Le 12 avril 2025 marque le grand rendez-vous présidentiel au Gabon. Les potentiels candidats à cette échéance électorale se prononcent progressivement, et tous doivent remplir un ensemble de critères pour être éligibles comme la déclaration des biens pour figurer sur la liste définitive des candidats à la prochaine élection présidentielle gabonaise.
La Commission nationale de lutte contre la corruption et l’enrichissement illicite (CNLCEI) a rappelé aux prétendants à la magistrature suprême leur obligation de transparence patrimoniale. Dès le vendredi 28 février, ils devront retirer et remplir une fiche de déclaration de leurs biens, une condition cruciale pour valider leur candidature.
La déclaration des biens à la prochaine présidentielle pourrait probablement éliminer certains candidats, sachant que plusieurs hautes personnalités du pays ont souvent eu du mal à déclarer de manière transparente leurs biens, car la provenance de ceux-ci demeure souvent floue.
Dans un pays où la corruption a souvent été érigée en vertu, nombreux sont ceux qui ne sauraient justifier avec exactitude la provenance de leurs biens.
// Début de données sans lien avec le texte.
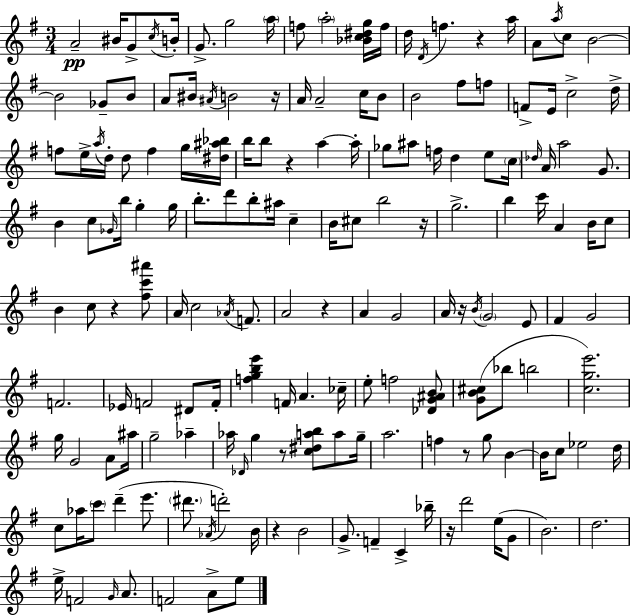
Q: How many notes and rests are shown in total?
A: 169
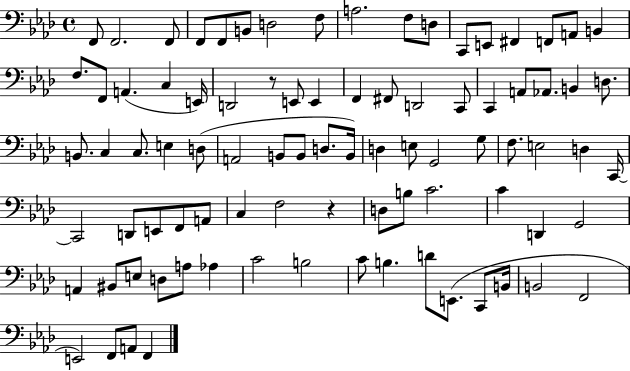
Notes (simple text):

F2/e F2/h. F2/e F2/e F2/e B2/e D3/h F3/e A3/h. F3/e D3/e C2/e E2/e F#2/q F2/e A2/e B2/q F3/e. F2/e A2/q. C3/q E2/s D2/h R/e E2/e E2/q F2/q F#2/e D2/h C2/e C2/q A2/e Ab2/e. B2/q D3/e. B2/e. C3/q C3/e. E3/q D3/e A2/h B2/e B2/e D3/e. B2/s D3/q E3/e G2/h G3/e F3/e. E3/h D3/q C2/s C2/h D2/e E2/e F2/e A2/e C3/q F3/h R/q D3/e B3/e C4/h. C4/q D2/q G2/h A2/q BIS2/e E3/e D3/e A3/e Ab3/q C4/h B3/h C4/e B3/q. D4/e E2/e. C2/e B2/s B2/h F2/h E2/h F2/e A2/e F2/q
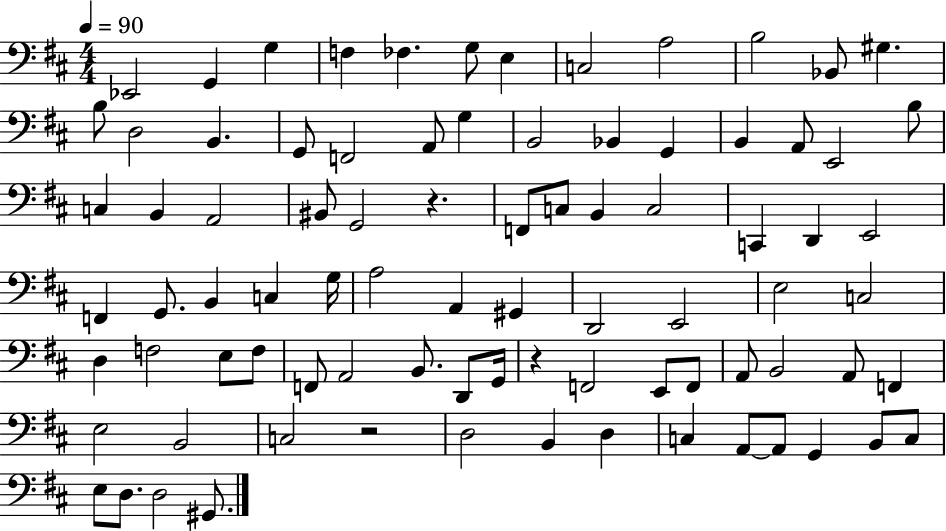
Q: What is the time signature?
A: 4/4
Cette obligation légale pour tous les candidats à la future présidentielle s’inscrit dans le cadre de la loi du 22 mars 2021, modifiant celle du 7 mai 2023, qui établit un régime strict de prévention et de répression de l’enrichissement illicite. Selon Nestor Mbou, président de la CNLCEI, cette déclaration est une mesure de transparence essentielle : « Tout candidat à une élection politique est tenu de déclarer son patrimoine. C’est une obligation légale et un gage de bonne gouvernance », a-t-il affirmé.
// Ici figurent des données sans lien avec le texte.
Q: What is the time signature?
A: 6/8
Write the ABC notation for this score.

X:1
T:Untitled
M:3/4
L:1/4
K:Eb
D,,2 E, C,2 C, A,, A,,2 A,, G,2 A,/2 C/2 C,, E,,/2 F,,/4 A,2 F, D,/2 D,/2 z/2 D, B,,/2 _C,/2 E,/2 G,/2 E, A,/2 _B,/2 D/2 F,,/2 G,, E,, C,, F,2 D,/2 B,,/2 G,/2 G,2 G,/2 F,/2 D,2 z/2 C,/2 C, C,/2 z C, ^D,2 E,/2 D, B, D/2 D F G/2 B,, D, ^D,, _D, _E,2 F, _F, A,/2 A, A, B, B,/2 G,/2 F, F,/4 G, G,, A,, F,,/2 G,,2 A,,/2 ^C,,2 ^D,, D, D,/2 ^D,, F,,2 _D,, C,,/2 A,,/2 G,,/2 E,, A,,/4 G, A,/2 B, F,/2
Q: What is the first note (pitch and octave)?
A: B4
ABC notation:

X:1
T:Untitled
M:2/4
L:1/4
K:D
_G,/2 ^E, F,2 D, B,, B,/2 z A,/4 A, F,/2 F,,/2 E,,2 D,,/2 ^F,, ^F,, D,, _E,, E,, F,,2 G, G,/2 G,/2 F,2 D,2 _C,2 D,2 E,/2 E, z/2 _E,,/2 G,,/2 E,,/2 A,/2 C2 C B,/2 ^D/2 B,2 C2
Les candidats doivent ainsi remplir et déposer leur fiche de déclaration des biens au siège de la CNLCEI entre le 3 et le 4 mars 2025. Un récépissé leur sera ensuite délivré entre le 6 et le 7 mars 2025, document indispensable pour la validation définitive de leur candidature.
Une procédure incontournable sous peine d’invalidation
L’absence de cette déclaration expose les candidats à une invalidation pure et simple de leur dossier. Cette disposition vise à garantir un processus électoral plus transparent et à lutter contre la corruption, une problématique récurrente dans la gouvernance gabonaise.
À l’annonce de cette condition, on peut imaginer combien de candidats ont été envahis par une sueur froide. On espère que cette fois-ci, ce désir de transparence ne sera pas appliqué de manière sélective. Il est nécessaire et important que la justice soit la même pour tous les candidats. Que l’égalité soit respectée pour tous les participants.